McGill grad starts his own big city beerfest

At your average beer festival, a ticket gets you a plastic mug and some tokens allowing you to join a few hundred like-minded individuals in two-ounce samples from more breweries than you can count – all under a tent in some park. Nothing about the experience jibes with the way beer is meant to be drunk.

Enter Josh Schaffner McGill grad (’06, Geographical urban systems) and wavemaker on the New York beer scene. At just 24-years-old, he has conceived and brought to fruition NY Craft Beer Week, featuring 95 beers from the northeastern United States and happening right now in New York. The festival is organized around a number of events, including bar crawls in nine neighbourhoods, partnering craft beer with specific watering holes that exemplify that neighbourhood. The result is a festival where it is as much about where you are drinking as it is about what you are drinking – championing the local allure of craft beer.

I caught up with Schaffner at the height of Craft Beer Week to talk about the work he’s done and how his motives relate to beer culture, and specifically that of Quebec.

The McGill Daily: Did your affinity for beer have an outlet during your time in Montreal?

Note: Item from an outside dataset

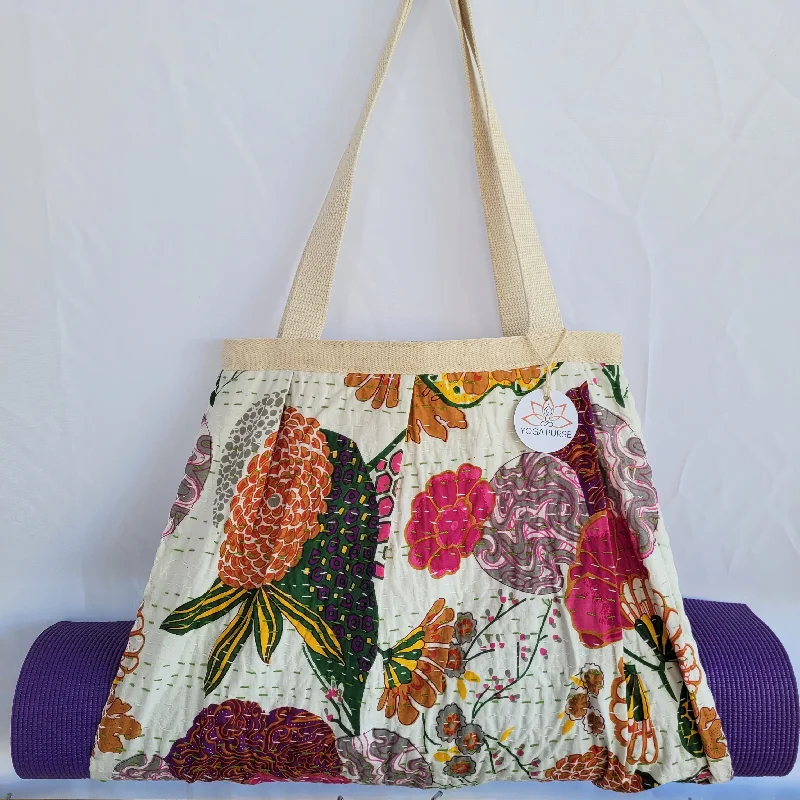 Yoga Mat Carrier | Kantha Quilt | White with Flowers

Josh Schaffner: I never lived in rez, but instead made a home at Dieu du Ciel. I lived only a couple blocks away in each apartment I moved to over the years in Montreal; an unintentional circle around the place was a side benefit.

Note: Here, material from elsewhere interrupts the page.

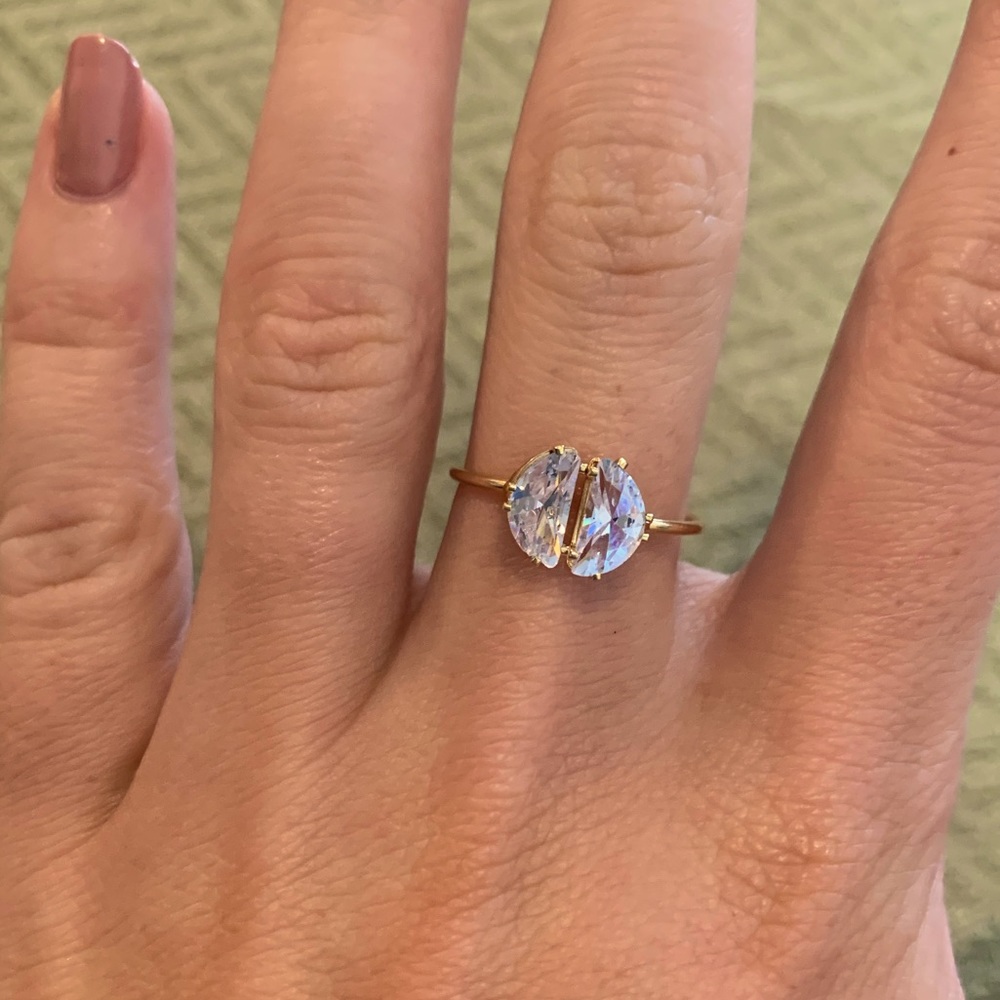 Dainty gold crystal ring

MD: What challenges do you see for craft beer culture, both in general and in Quebec?

JS: There’s the main challenge of craft beer being relatively new and so successful that it’s creating its own hurdles. It’s a crisis of identity for a small brewery to ask, “What does it mean to have national distribution? How does that change the identity of your brand and your product?” [Ed. Point of Reflection: How does this crisis affect a brewery like Unibroue, now available all over the U.S., but with roots in rural Quebec?]

MD: Could Craft Beer Week happen up here?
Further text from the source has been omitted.